Monday, October 13, 2014

Vernacular vs Everyday Writing and Tombstones



            Vernacular writing is very distinct and specific to a community. It is what makes up daily conversations and even slang that may exist in a community. Outsiders may not understand the vernacular language and may be excluded from certain parts of vernacular writing in a community. Vernacular writing may not have an important purpose and may just be the language spoken in conversation but can also be important as well. Everyday writing, however, is more general and accessible by more individuals. It can be easily understood and does not discriminate from people in a specific community.  Everyday writing is influenced by a need for change, or exigency, and is carried out by an audience who actually makes the change that a rhetor wanted. Vernacular and everyday writing both have an important role in the lives of people because they both make up how we communicate. They both work to help people prove a point or have a conversation.

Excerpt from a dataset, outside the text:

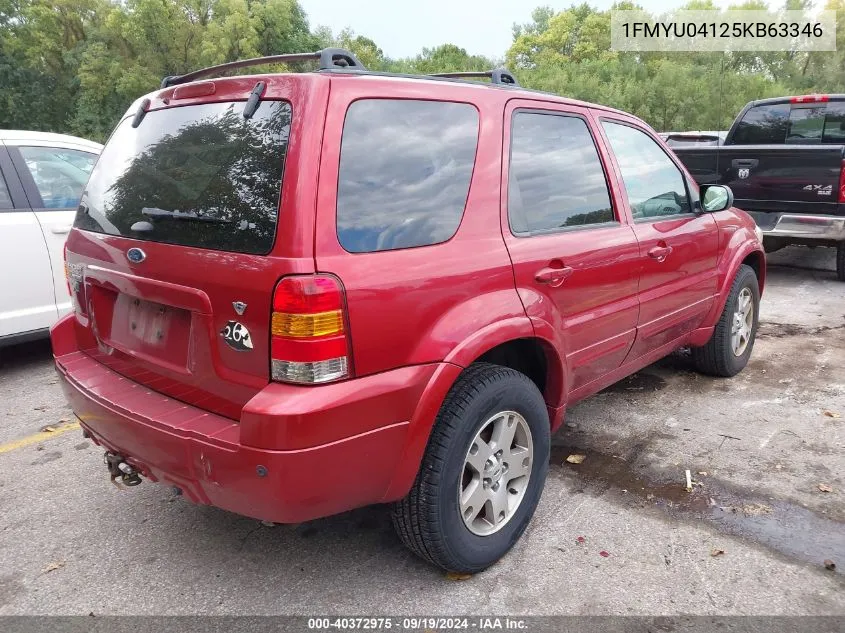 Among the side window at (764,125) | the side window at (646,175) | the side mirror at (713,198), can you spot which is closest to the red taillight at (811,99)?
the side window at (764,125)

Vernacular writing and everyday writing both have audiences that are needed for the writing to be effective. Tombstones have the characteristics of vernacular writing. They are specific to a certain community in format, design, and language actually used on the tombstone. The way a community wants a person to be represented after death says a lot about the culture and practices of a certain society and may mean something different in another community where the practices differ and different wording on tombstones mean different things. Every culture has a different way of writing the text on the tombstone and how they are presented, therefore making it distinct for a certain community and more like vernacular writing than everyday writing.